§ WORK REQUEST
Under this line are records; the part from the line containing "And right here, it" through the line containing "In the future, you" should be repeated exactly. Please exclude pictures.
━━ EXCERPTED DATA
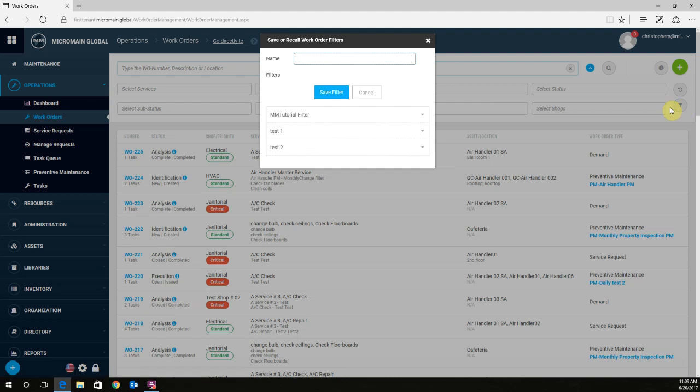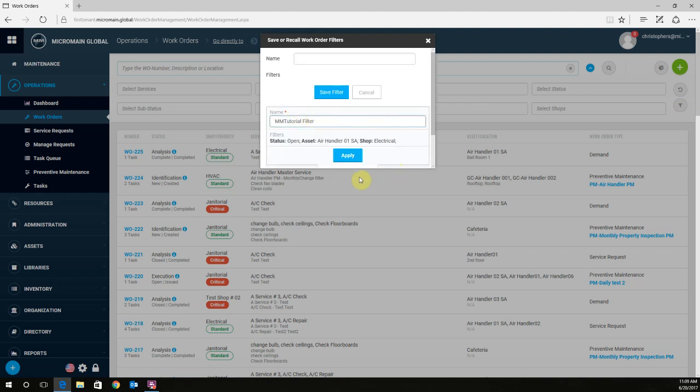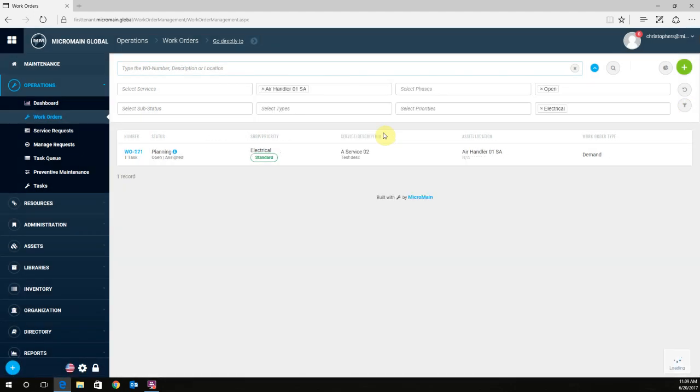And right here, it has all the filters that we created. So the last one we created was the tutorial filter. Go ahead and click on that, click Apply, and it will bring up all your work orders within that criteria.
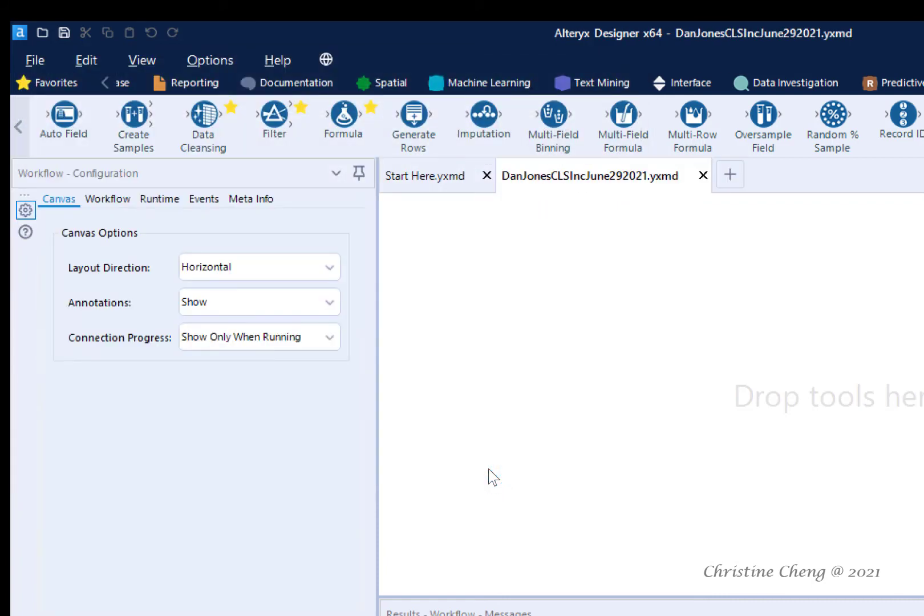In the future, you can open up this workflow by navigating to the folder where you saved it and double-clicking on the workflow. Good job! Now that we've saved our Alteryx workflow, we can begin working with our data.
━━━━
━━ EXCERPTED DATA
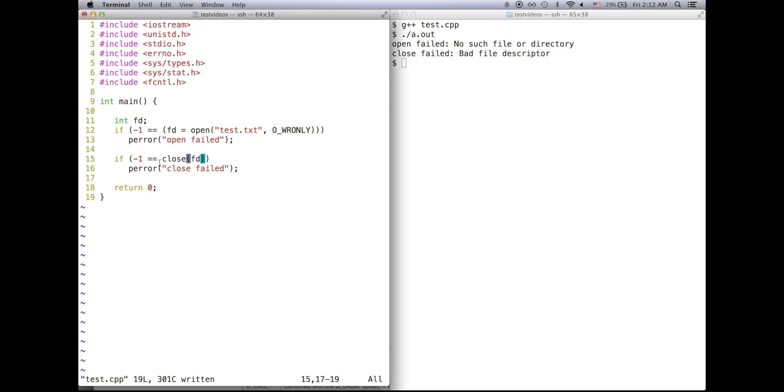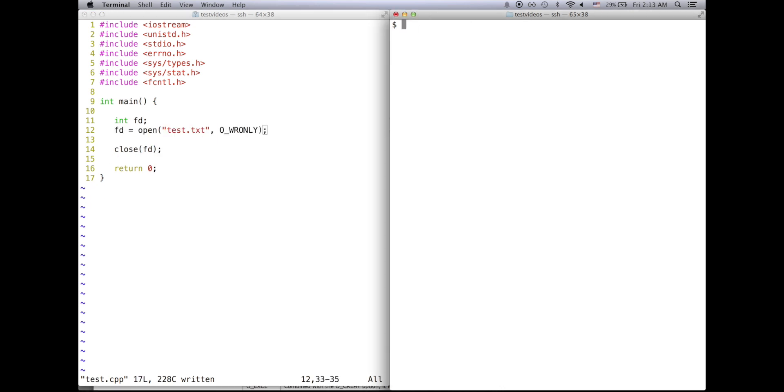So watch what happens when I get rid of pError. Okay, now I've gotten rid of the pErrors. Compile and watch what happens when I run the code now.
━━━━
━━ EXCERPTED DATA
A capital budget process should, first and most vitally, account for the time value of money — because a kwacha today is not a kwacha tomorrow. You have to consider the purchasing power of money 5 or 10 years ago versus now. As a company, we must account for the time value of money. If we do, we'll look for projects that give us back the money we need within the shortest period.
━━━━
§ RESPONSE TO THE EXERCISE
And right here, it has all the filters that we created. So the last one we created was the tutorial filter. Go ahead and click on that, click Apply, and it will bring up all your work orders within that criteria.
In the future, you can open up this workflow by navigating to the folder where you saved it and double-clicking on the workflow. Good job! Now that we've saved our Alteryx workflow, we can begin working with our data.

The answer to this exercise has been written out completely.